Following the interview last week with Radina Nedyalkova about how to best approach talent acquisition, performance management is a great next topic to cover.
Alen is both a serial startup founder and an Engineering Lead, exposed to the ups and downs of setting up and managing high-performing teams at scale. With his latest venture Stretch Metrics, Alen is tackling the hard problem of creating a better framework to evaluate employees fairly by making the full process more natural.
In this interview we covered the challenges with the existing performance review frameworks, and how this process can be improved, the role of data as part of this process and how to better leverage it, how to best engage your team and the role of peer reviews in educating the overall evaluation.
Alen shared a ton of insights that will definitely provide you with an interesting perspective and
hopefully help re-think your existing approach. Thanks, Alen!
Alen, could you tell us a bit about your background?
I started writing software as a kid and followed that passion through two degrees in Computer
Science. I spent a few years after college working for MIT’s Lincoln Laboratory, and also spent
some time working on tech in the financial sector, for a Fortune 500, and for a startup that was
acquired before co-founding an ambitious tech company myself and raising funds from Google
Ventures. The company we started was acquired in 2014, after which I spent a few years leading
large engineering teams. Through it all, I learned a lot about working with really great people.
The crucible of starting a new company in particular forged a much deeper understanding of how to
build and maintain high-performing teams.
From your perspective, what’s the purpose of a performance review? And what are the benefits for both the employees and the company?
Learning to give and receive effective, high-quality feedback might be the greatest superpower
there exists for driving teams towards excellence. There is no way to improve at anything without
some sort of feedback loop. And getting better at things is immensely rewarding – it’s the reason
people golf or practice the guitar.
As Dan Pink famously points out, mastery is one of the primary drivers in the science of
motivation.
Performance reviews provide an opportunity for people to do just that, but often fall so far short
of that goal that they veer into demotivation. While companies tout performance review process as
a way to help develop individuals, in practice they serve mainly to support yearly compensation
adjustments, promotions, demotions, justify firings, and to create inputs into workforce
expansions and reductions.
Your goal with Stretch Metrics is to create a better framework for companies to conduct performance reviews. What’s wrong with the existing approaches and what are you trying to do differently?

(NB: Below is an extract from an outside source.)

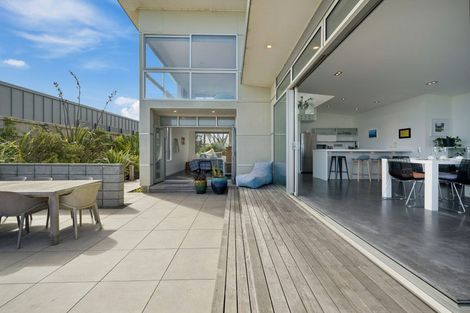 Photo of property in 14 Beachview Grove, Peka Peka, Waikanae, 5391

The first problem with traditional performance reviews is that they are a time-consuming distraction from other high-priority work. The second problem stems from that first one: because of the distraction they create, individuals and companies can’t afford to do them very often. Combined, these problems spin out into many others: performance reviews end up tainted by recency bias, are soon forgotten, and don’t provide the continuous feedback necessary to truly build individual mastery. Taken together, these deficits create a credibility problem for traditional approaches.

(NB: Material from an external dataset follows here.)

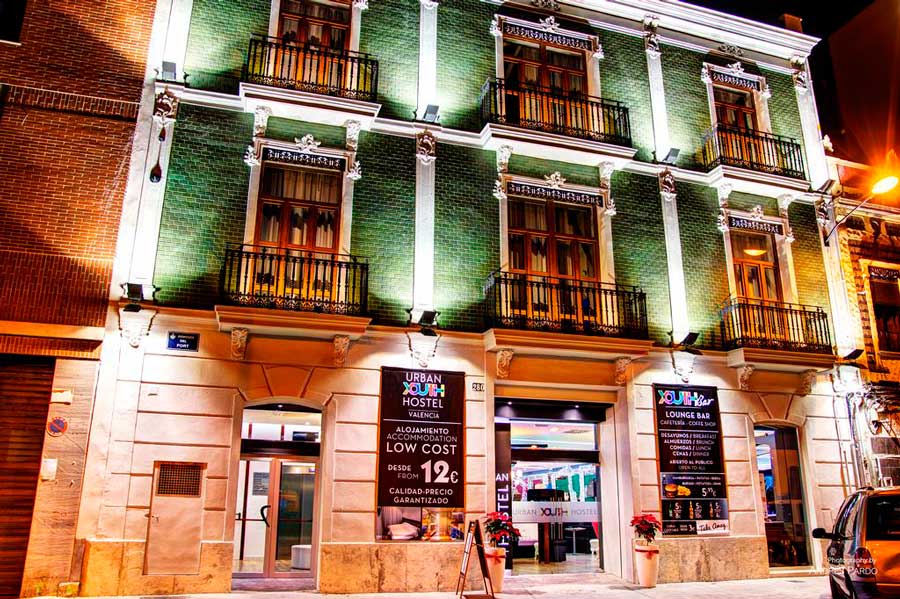 where-to-stay-in-valencia-urban-youth-hostel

Many performance processes are manager-driven, with the only feedback delivered via self-assessment and manager-assessment. 360-degree review processes gained popularity to address this shortcoming, but they also multiplied the amount of time and work, requiring everyone to complete even more assessments.

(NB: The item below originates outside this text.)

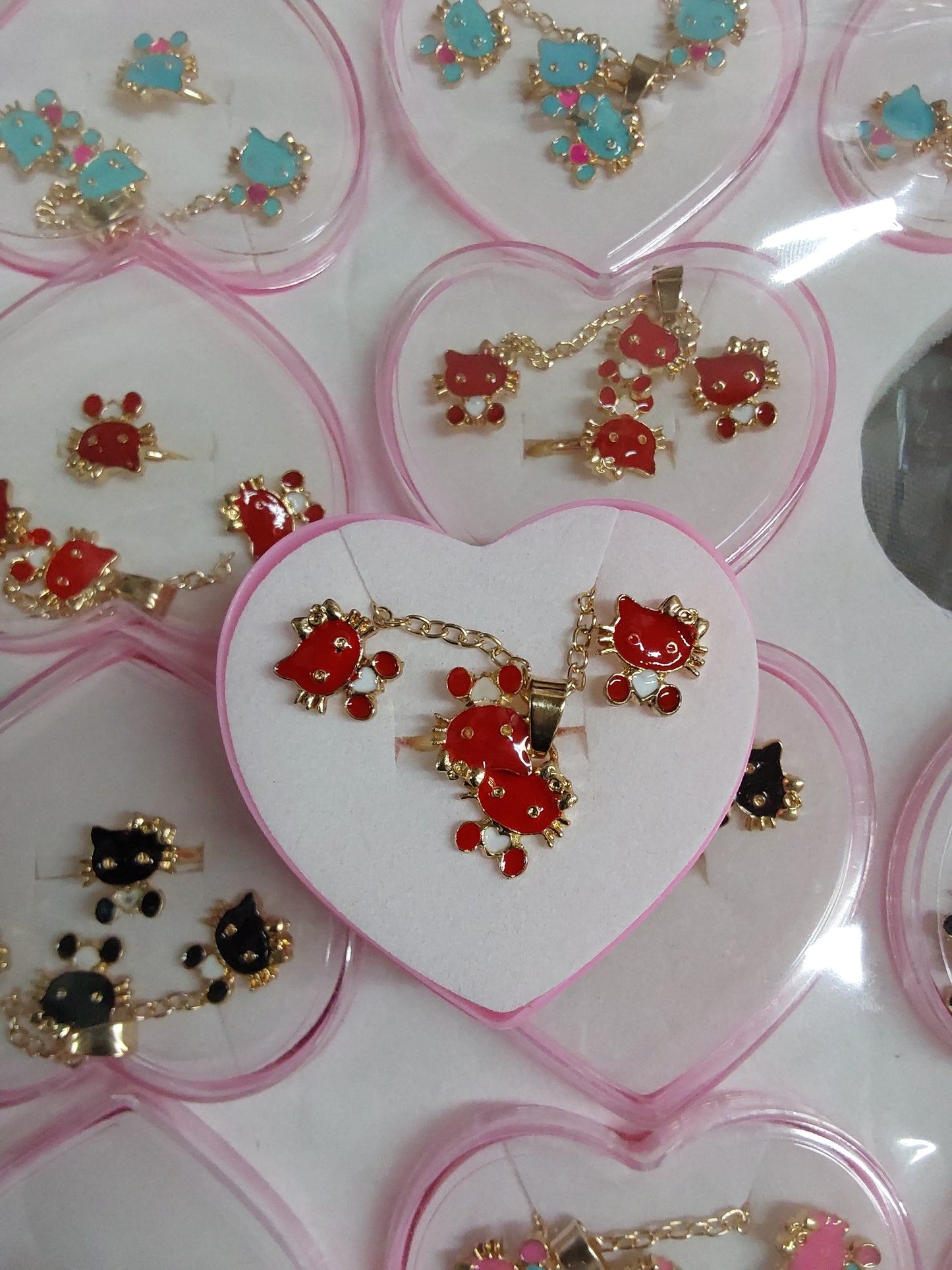 V98-1  - 3 PIECE HELLO KITTY JEWELRY SET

Due to these problems, traditional performance reviews are almost universally loathed and many
companies (including 1/3rd of the Fortune 500) have abandoned the annual performance review
process completely.

We live in an era where data is over hyped. Many companies claim to be data driven but track vanity metrics or fail to act on the data they collect. In regards to performance management, how much data is enough data, and what’s the best way to leverage it to drive value?
Data is King, but collected data that is never consulted is a powerless despot. Naval Ravikant observed:
Shorter feedback loops means more iterations, and it’s the number of iterations, not the number of hours, that drives learning.
So collecting and delivering performance management data in a timely manner – daily, all year long – really unlocks data’s potential for growth and learning. This observation seems to have been missed by much of the performance management industry, and by many standard performance management processes.
We’ve discovered that the data collected about perceived performance on a team, when collected often enough as is done by Stretch, provides insights beyond just performance. Currently, we surface insights to managers about individual engagement, flight risk, conflict hotspots, and communication in addition to core indicators of excellence or declining performance. These insights give managers new super powers to get on top of issues before they fester, reward behaviors in the moment, and keep their teams happy and motivated. Individuals gain continuous insight into how their own performance is viewed which creates a new kind of self-awareness. They also gain the ability to collectively make their own manager’s performance visible to the larger organization, both to hold them accountable and reward them.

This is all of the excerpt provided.